Wednesday, October 9, 2013

Taiwan Today: An Intermediate Course by Shou-hsin Teng and Lo Sun Perry

More advanced than intermediate
Taiwan Today is a Chinese-language textbook designed for use in intermediate level college courses. I, however, did not use it in conjunction with a course, but rather for self study. It is hard to find good textbooks that concentrate on traditional rather than modern Chinese characters, and almost impossible to find one that focuses on Taiwan rather than the mainland. Taiwan Today does more than just fill this void; it is a well-thought-out and very useful instructional tool for learning written Chinese.

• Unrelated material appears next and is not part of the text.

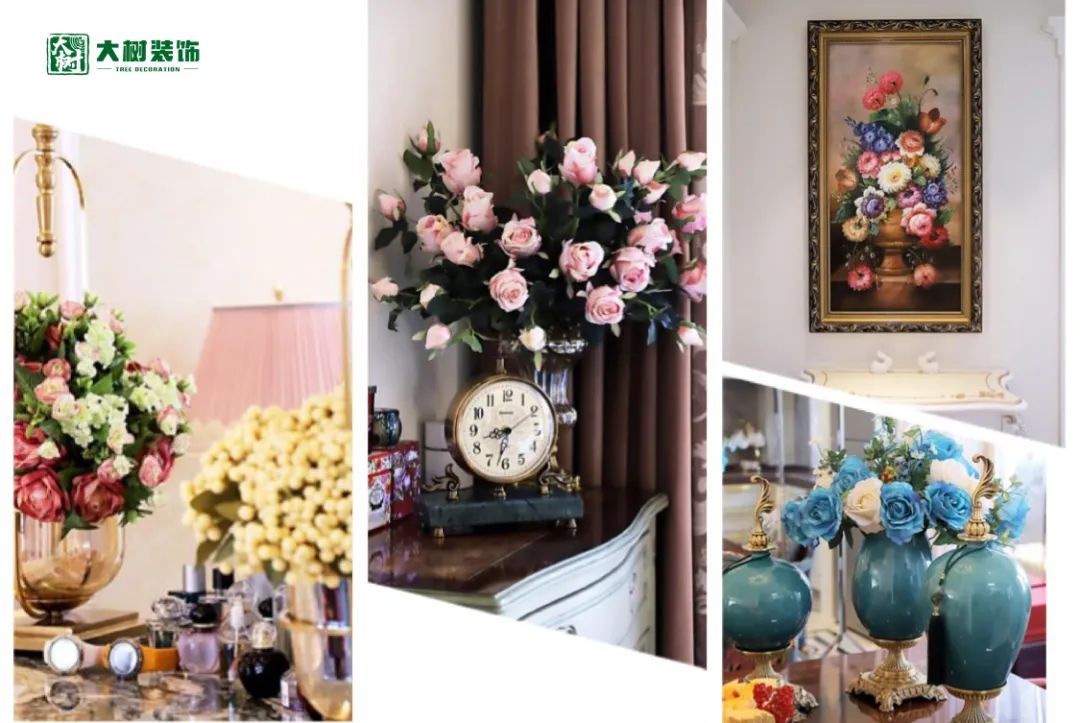 半岛首府 280㎡美式私宅,精致与克制的平衡-8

Each chapter in the book focuses on a different aspect of Taiwanese culture. Some of the topics covered include exercise and leisure activities, eating at a food stand, marriage customs, religion and folk beliefs, the changing role of women in the family and the workplace, and environmental issues. Each chapter begins with a one-page reading passage, shown both in traditional and modern characters. These passages are really quite easy, and all the necessary vocabulary is defined for you. Following these reading passages are exercises, all in traditional characters, which are far more challenging. Each chapter has a section on grammar in which several expressions are demonstrated in sample sentences, followed by opportunities for readers to fill in the blanks or translate entire sentences from English to Chinese. Then comes a series of exercises which vary from chapter to chapter. They can be anything from multiple choice, fill in the blanks, crossword puzzles, and so on. There are also exercises designed for classroom use like role playing scenarios or topics for group discussion. Each chapter ends with some photographs illustrating concepts discussed in the lesson, and some excerpts copied from Taiwanese newspapers.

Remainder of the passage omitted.